Task brief:
Would you please retype, exactly, the lines of the listing below between the line with "Garage con palestra inclusa" and the line with "Πασίγνωστη μυθιστοριογράφος δολοφονήθηκε", inclusive?
Segment Start: Data to process
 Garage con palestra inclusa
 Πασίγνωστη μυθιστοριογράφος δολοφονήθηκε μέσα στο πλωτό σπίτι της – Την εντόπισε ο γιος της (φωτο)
Segment End: Data to process
Segment Start: Data to process
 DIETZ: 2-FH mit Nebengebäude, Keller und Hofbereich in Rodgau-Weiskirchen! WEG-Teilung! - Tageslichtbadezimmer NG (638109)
Segment End: Data to process
Response:
 Garage con palestra inclusa
 Πασίγνωστη μυθιστοριογράφος δολοφονήθηκε μέσα στο πλωτό σπίτι της – Την εντόπισε ο γιος της (φωτο)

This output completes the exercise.